▶ WORK TASK
Starting from the line that holds "melin Odyssey Stacked", output exactly each line through the end of the listing. Do not copy pictures.
┄┄┄┄┄┄┄┄┄┄┄┄┄┄┄┄┄┄┄┄
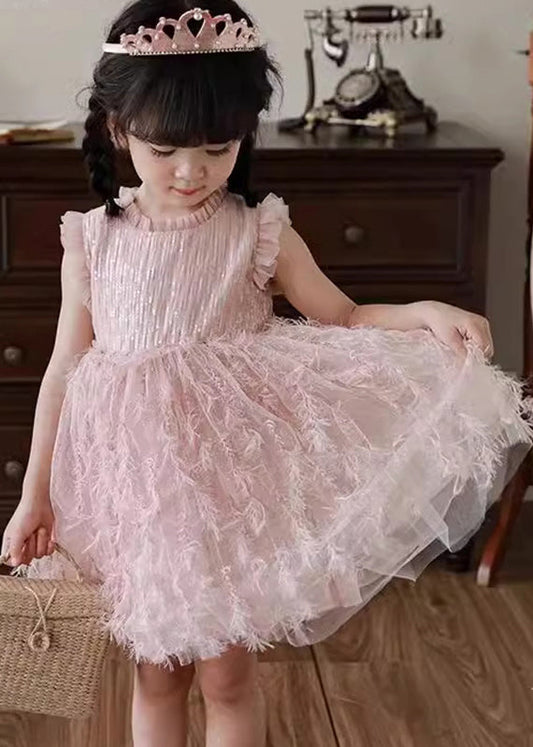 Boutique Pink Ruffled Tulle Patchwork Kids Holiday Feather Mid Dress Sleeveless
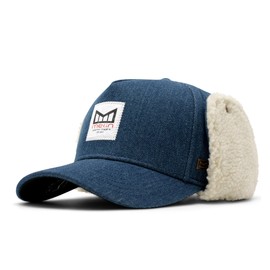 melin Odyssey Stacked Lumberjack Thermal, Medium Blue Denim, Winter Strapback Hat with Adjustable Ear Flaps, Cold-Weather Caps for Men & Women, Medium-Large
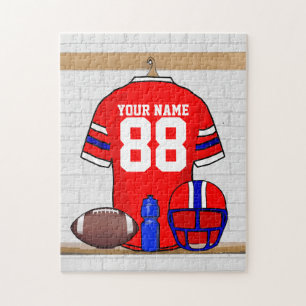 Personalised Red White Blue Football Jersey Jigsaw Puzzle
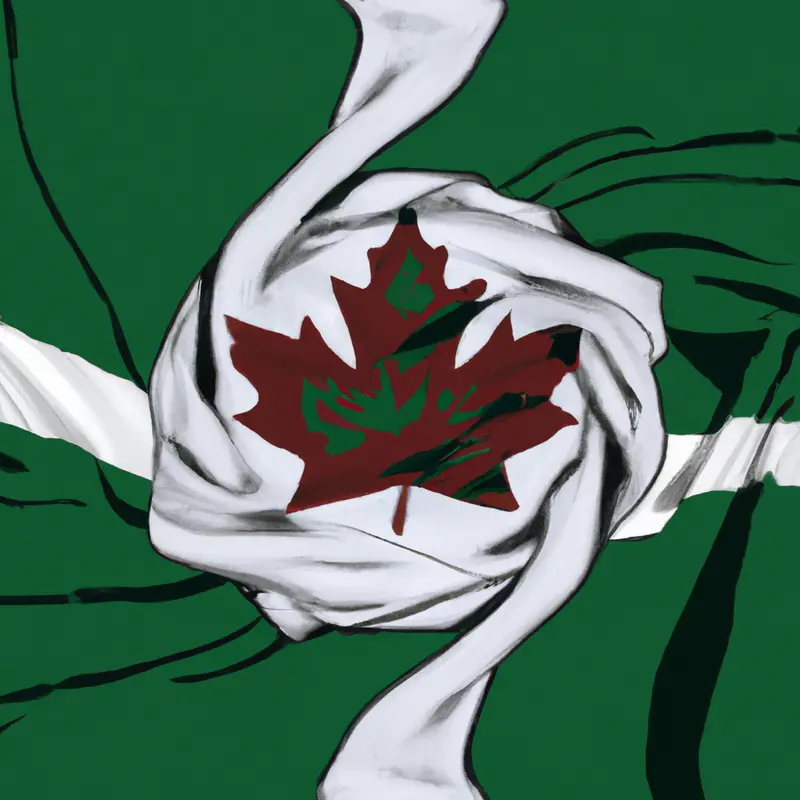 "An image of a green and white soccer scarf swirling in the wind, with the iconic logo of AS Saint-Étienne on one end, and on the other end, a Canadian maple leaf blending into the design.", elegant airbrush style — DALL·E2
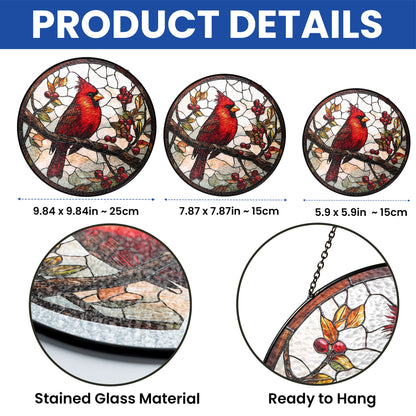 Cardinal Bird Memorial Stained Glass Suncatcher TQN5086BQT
┄┄┄┄┄┄┄┄┄┄┄┄┄┄┄┄┄┄┄┄
▶ SOLUTION TO THE PROBLEM
 melin Odyssey Stacked Lumberjack Thermal, Medium Blue Denim, Winter Strapback Hat with Adjustable Ear Flaps, Cold-Weather Caps for Men & Women, Medium-Large
 Personalised Red White Blue Football Jersey Jigsaw Puzzle
 "An image of a green and white soccer scarf swirling in the wind, with the iconic logo of AS Saint-Étienne on one end, and on the other end, a Canadian maple leaf blending into the design.", elegant airbrush style — DALL·E2
 Cardinal Bird Memorial Stained Glass Suncatcher TQN5086BQT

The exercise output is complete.